Researchers have developed a new blood test to diagnose and predict the severity of graft against host disease (GVHD), a complication often fatal that strikes people who have received a bone marrow transplant for cancer or other conditions. The test could help doctors decide quickly patients who need critical treatment.
GVHD is the equivalent of organ rejection syndrome in bone marrow transplant patients. The disease begins when the immune cells in the bone marrow of the donor recognize the recipient's cells as foreign and launch an attack. The initial clinical symptom is often a rash, which sometimes makes it difficult early diagnosis. But if allowed to progress, the disease can damage internal organs and proves fatal in 30% to 40% of cases. Outside the relapse of a person's disease, GVHD is the leading cause of death for patients who received a bone marrow donation
Due to the severity of GVHD, clinicians often start the treatment. - In high doses of steroids to suppress the immune response - in the absence of a diagnosis of concrete. But this preventive strategy can also be dangerous, increasing the risk of infections and may increase the risk of relapse in cancer patients. "There is a feeling that we overtreating some patients and other undertreating," said pediatric oncologist and co-author James Ferrara, University of Michigan, Ann Arbor.

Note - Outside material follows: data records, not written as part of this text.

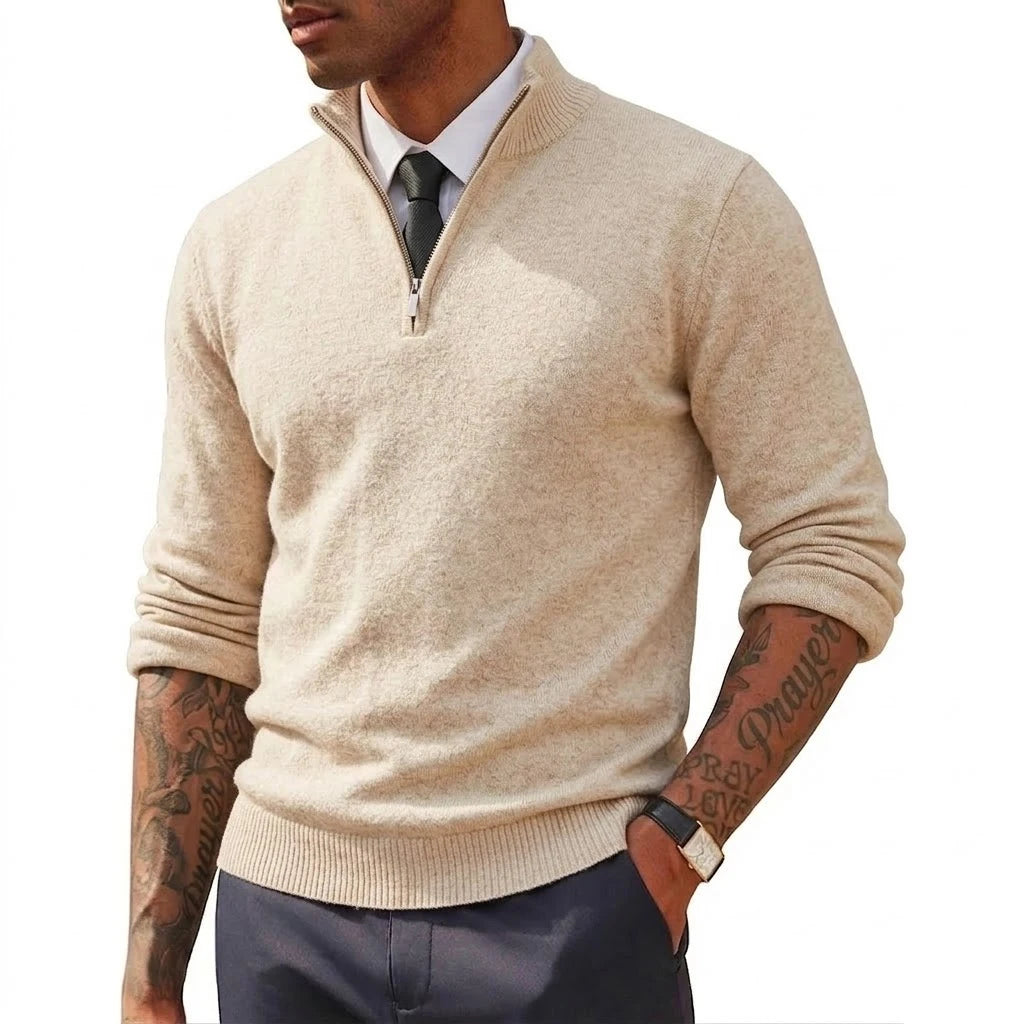 New Men'S Quarter Zip up Sweaters Slim Fit Lightweight Mock Neck Pullover Casual Zipper Polo Sweaters Long Sleeves Streetwear
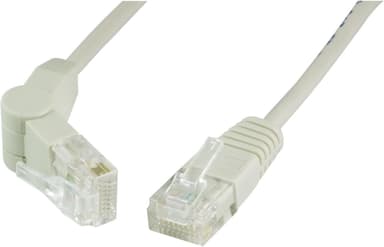 UTP Cat5e -kaapeli kulmaliittimellä, 1 m, harmaa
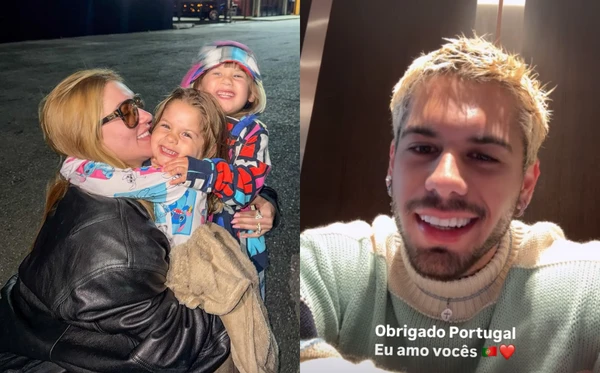Virginia com as filhas no Brasil; Zé Felipe antes de show em Portugal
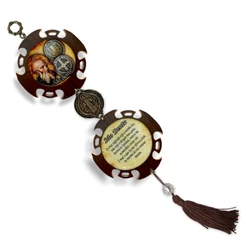 Medalha de São Bento Adorno de Porta Madeira Resinada 37cm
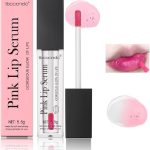 ملمع شفاه متغير اللون - زيت شفاه مرطب مع لمعان ملون، سيروم شفاه غير دهني، مرطب شفاه مرطب شفاف للنساء والفتيات (بينك)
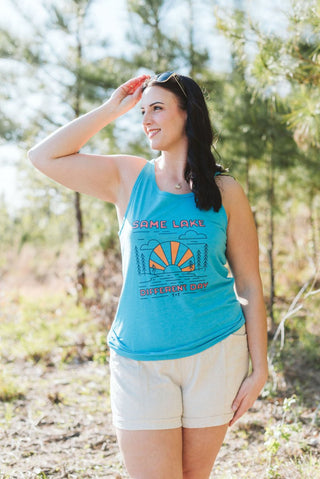 Same Lake Different Day Aqua Tank (Wholesale) - Tucked & Threaded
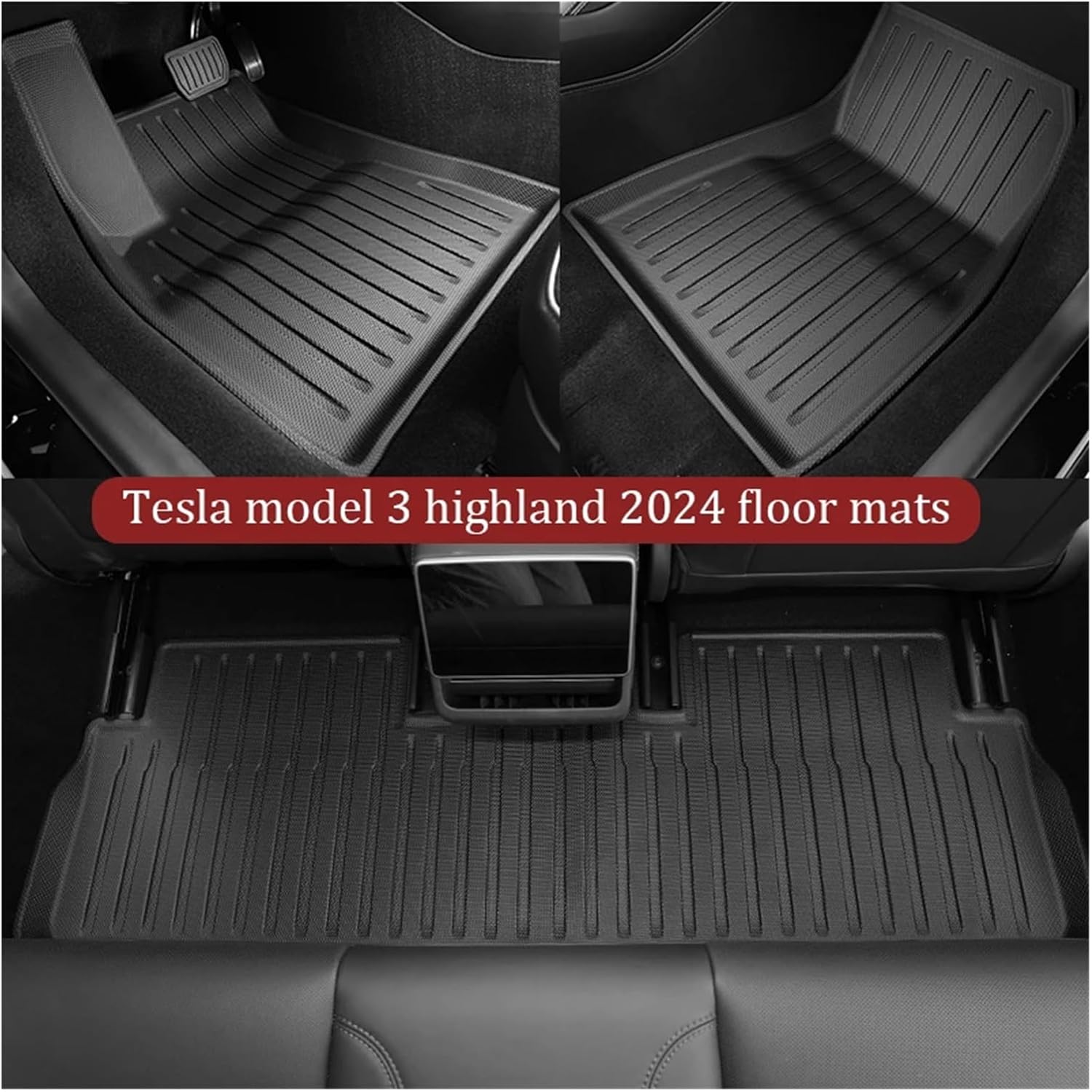 Car Floor Mats Cargo Liner Waterproof Anti-Slip Trunk Mat TPE Pads Accessories，Compatible for Tesla Model 3 2024 Highland(for Model 3 9Pcs Mats)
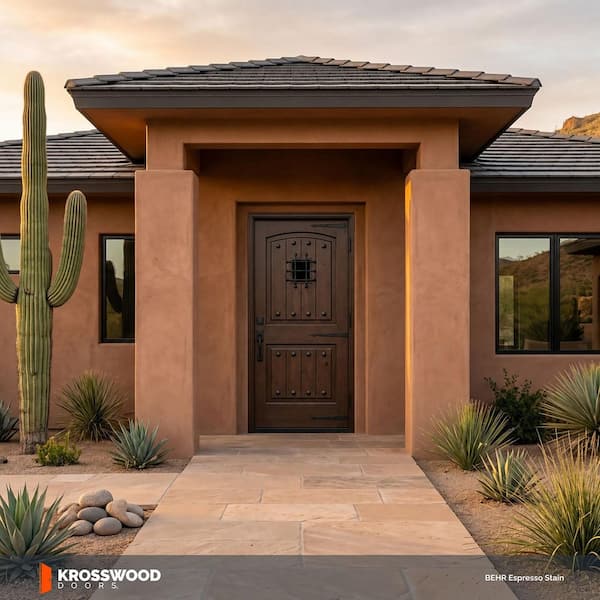 Krosswood Doors 36 in. x 80 in. Mediterranean Knotty Alder Arch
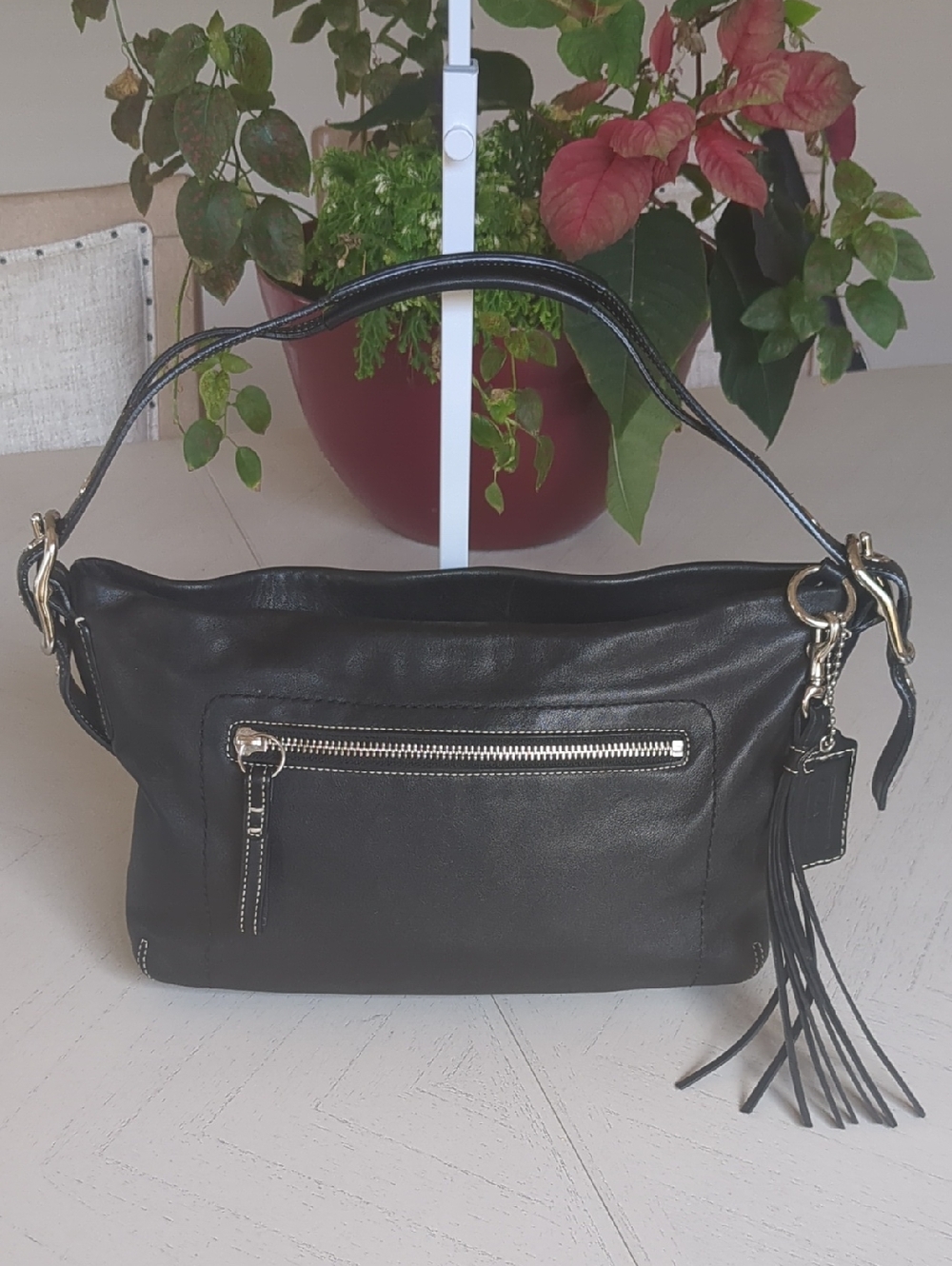 Vintage Coach 1417 Black Genuine Leather East West Legacy Shoulder Bag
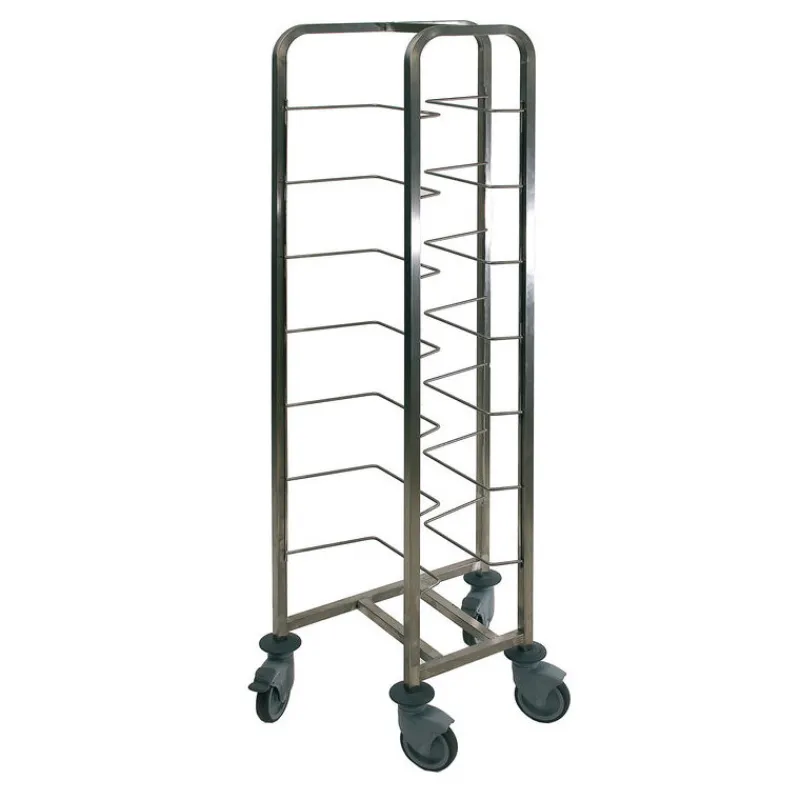 Cerf Dellier Chariot inox pour 8 bacs à pâtons espacement 18,5 cm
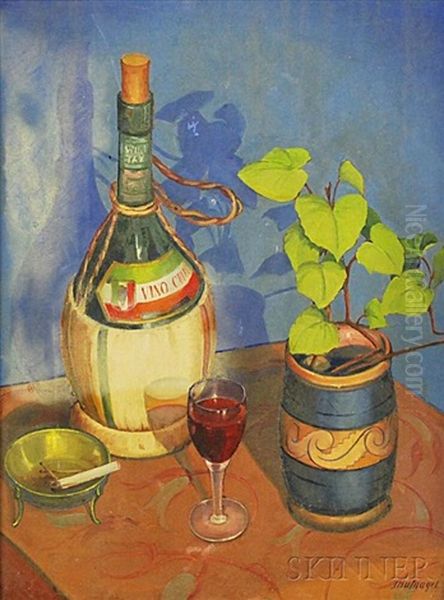 Still Life With Chianti Oil Painting by John Hufnagel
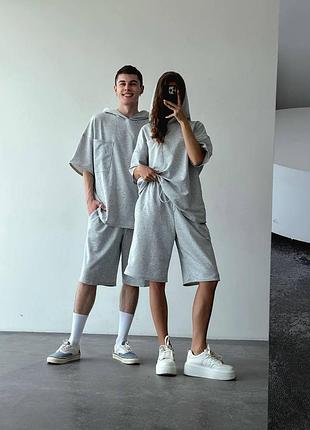 Парный спортивный костюм nk футболка и шорты оверсайз (это женский) меланж, 42/46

To facilitate early diagnosis, Ferrara's team took weekly samples of plasma from patients who had received a bone marrow donation They compared levels elafin. - anti-inflammatory protein produced by the body in response to GVHD of the skin - 10 patients who had developed the disease and 20 patients who did not. on average, elafin levels in patients developing GVHD of the skin have been three times higher, the researchers report online today in Science Translational Medicine .
Next, the researchers divided 159 patients with the disease in two groups with --those higher than the mean plasma concentrations of elafin and those with lower average levels - and then the long-term survival of each group. After 12 months, three times as many patients in the high elafin group had died from GVHD and its complications in the group with low elafin. "In the future, hopefully a clinician may be able to test Elafin levels of a transplant patient with a rash decide to start treatment," said Ferrara. If, as the researchers suspect, elafin of the levels increase before symptoms develop GVHD, it might also be possible to identify patients at risk who do not have a rash.
hematological oncologist Corey Cutler of Harvard Medical School in Boston noted that GVHD can often be diagnosed just by careful examination of the rash, but a more definitive diagnostic test would be welcome. "If this test could predict the onset of GVHD before the rash develops, it could be extremely valuable," he said.